I had one overwhelming thought as I watched Friday night’s display: What on earth is going on? My confusion began shortly after the madcap, dizzying montage opening and lasted all the way through to the start of the Parade of Countries. (I gave up and went to bed with a headache after Australia.)

I loved Slumdog Millionaire, but personally, I’d call this a miss for British director, Danny Boyle. Unless the point was to entertain Brits only (even though the whole world was watching.) There were lots of inside jokes and cultural references that only a local audience would understand. But I have to wonder how much of all that history even the English knew. In a performance that was supposed to represent England’s Industrial Revolution, but looked more like a scene from Les Miserables, dirty, ragamuffin actors  were miming some kind of manual labor (shoveling?) while hoards of other actors with top hats and beards joined them. I still haven’t figured out who the bearded men were supposed to be.

And I know I risk standing alone on this one and outing myself as a real stick-in-the-mud, but I don’t think Mr. Bean (Rowan Atkinson) is that funny. I would’ve rather watched the musicians play “Chariots of Fire” than him make fun of it.

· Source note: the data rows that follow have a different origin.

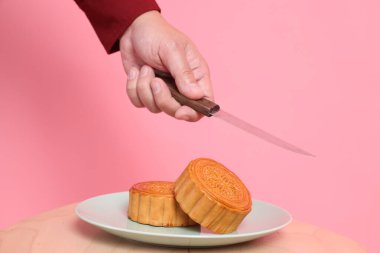 Geleneksel Çin tatlısını kesmek için el ele tutuşan bıçak ya da pembe arka planda izole edilmiş Çin pastası. Çin Geleneksel Sonbahar Festivali, Ay Festivali.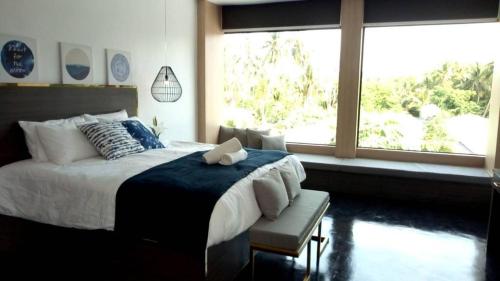 a bedroom with a large bed and a window at The Willow Phangan in Koh Phangan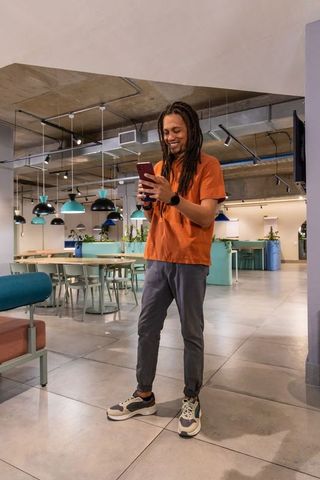 Young African American man standing in modern coworking space using smartphone and smiling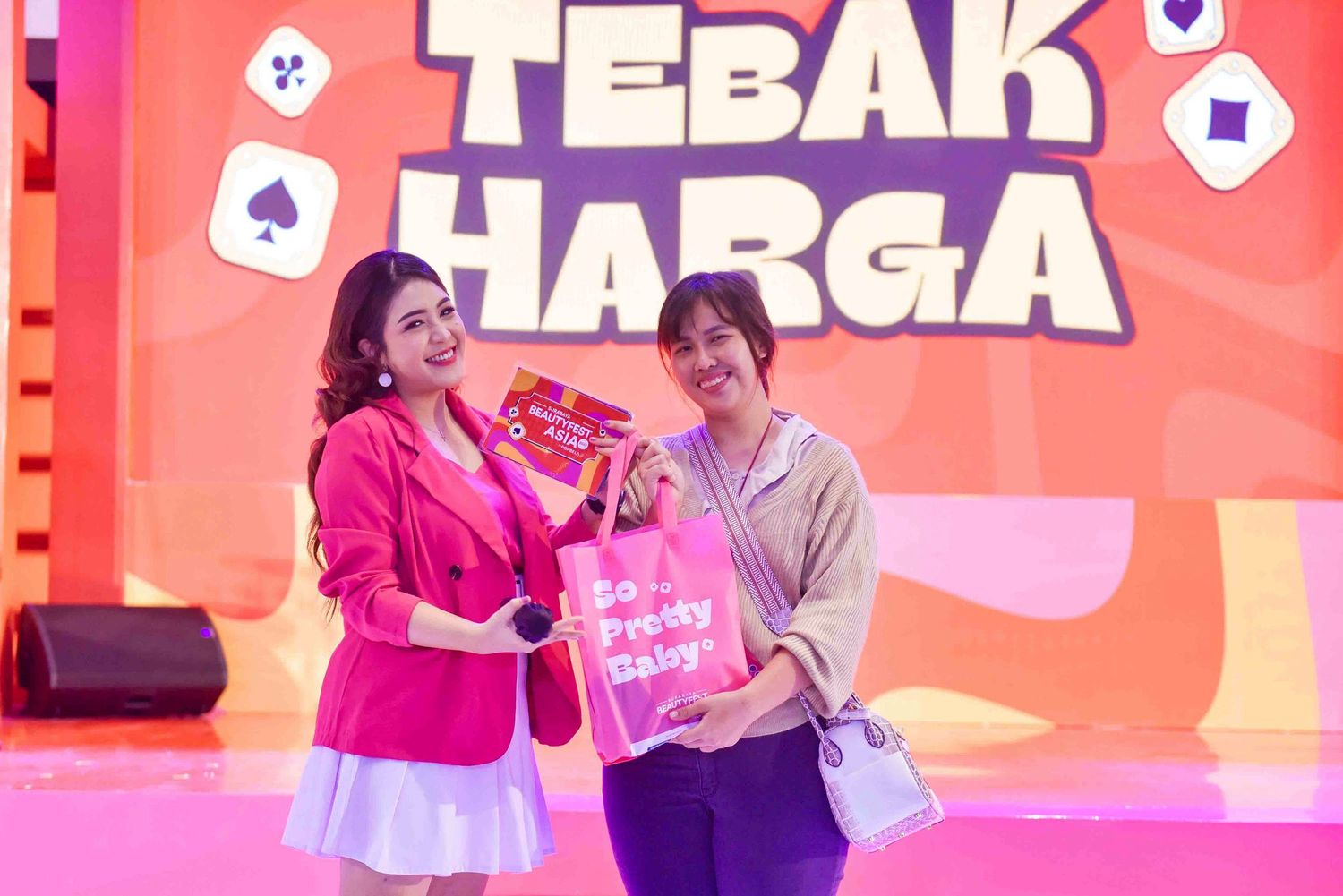 A group of people playing a game show on a brightly lit pink stage with playing card symbols in the background.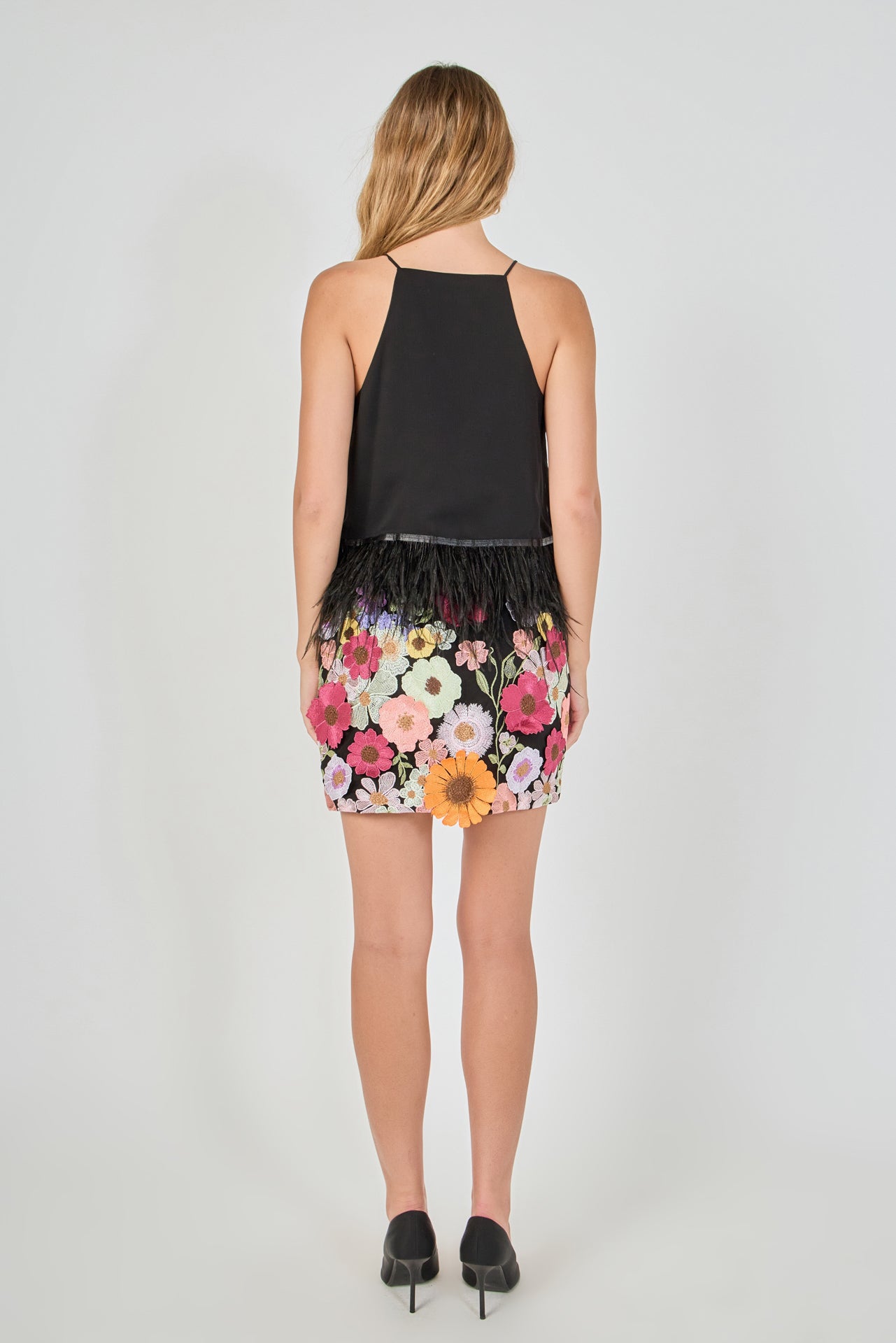 Back view of black floral embroidered mini skirt featuring all-over multi-colored flower embroidery and a straight mini hem.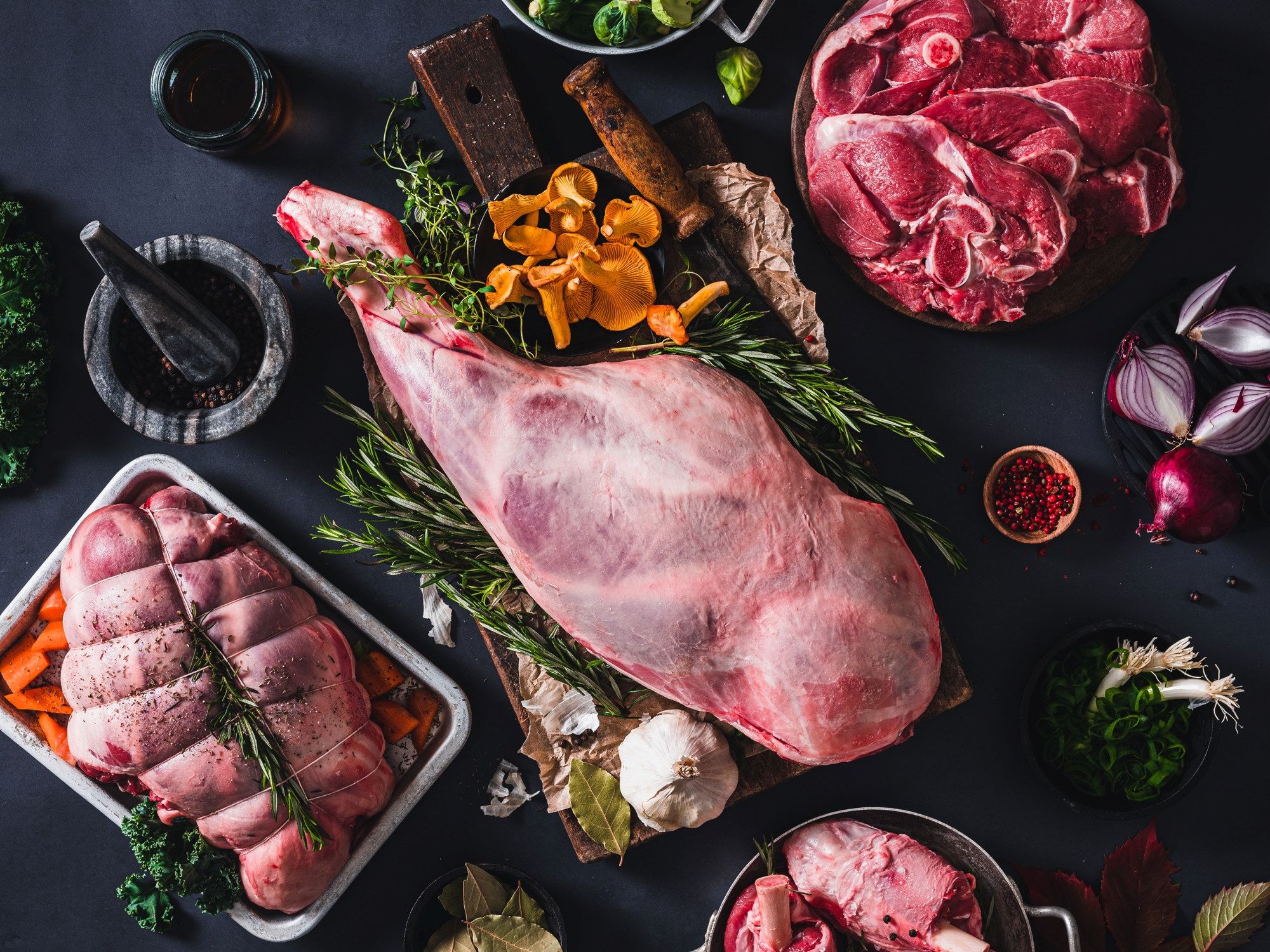 Ulike typer av lamme- og kjøttstykker på en svart bakgrunn med urter og krydder rundt.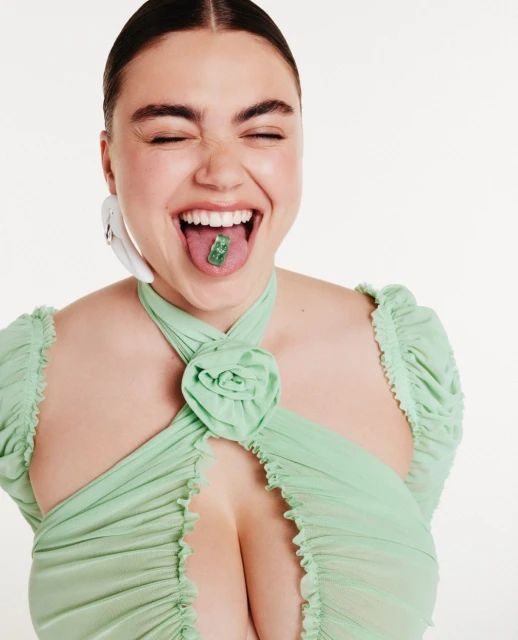 Smiling woman with a green gummy bear on her tongue, wearing a light green halter-style top, set against a bright white background.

There were some brief moments of clarity for me when classic children’s characters created by British authors took center stage. Everyone could recognize Mary Poppins, Captain Hook and Cruella de Vil. It was less clear, however, why the Mary Poppins were tucking a giant baby (think Toy Story 3) into bed. I’m with the announcer who said, “I’m not sure if that’s cute or just creepy.” Oh, it’s creepy all right.

All this really shouldn’t come as a surprise. Boyle is known for being complex and often dark. My mother probably loved it. As did most of England. As for me, I’ll be looking to the Games themselves for my dramatic storytelling. No Cliff’s Notes needed.